# Packaging Containers for Pastries



## bella (Feb 6, 2001)

Hello once again,

My pastry chef is looking for a cardboard tray on which to place the pastries that people are taking home. He has worked in Italy, and they have a special, rectangular tray on which they place the pastries, and then wrap the tray in paper and tie with a ribbon, so that it looks like a present. He would really like to find a state side supplier of these trays. Does anyone have any ideas of companies that I could contact?
Thanks so much.
Bella


----------



## m brown (May 29, 1999)

who is the supplier in italy? these days it is so easy to ship and order online, there should be no problem getting them to send the boxes here.
i would love to see them. they sound really beautiful.


----------



## bella (Feb 6, 2001)

Crudeau,

Thank you for the wonderful tip to the qualiapaper site. They have some wonderful things. I have copied some of the pages so I can take them in to work for my chef to see. I am sure something will please him. Did you happen to see the "boxes". They look great. I could just imagine someone carrying one our of our restaurant.

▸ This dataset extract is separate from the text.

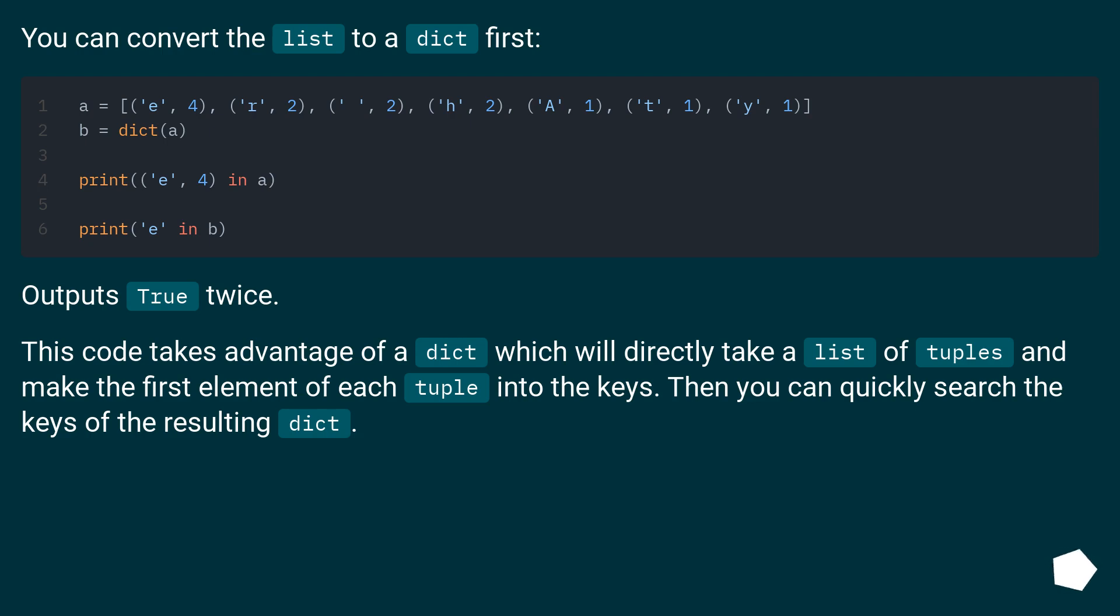You can convert the list to a dict first. Outputs true twice.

What an enticement!
Thanks to you both.
Bella


----------



## breadster (Feb 23, 2001)

check out Novacart's "personalized paper"-(products) i think that is what your chef is talking about 

patience with the site- it takes time to load


----------



## bella (Feb 6, 2001)

Kristi,

Thank you so much for the Novacart website information. These trays are exactly what Luigi was looking for for his pastries. I appreciate your help. 

Bella


----------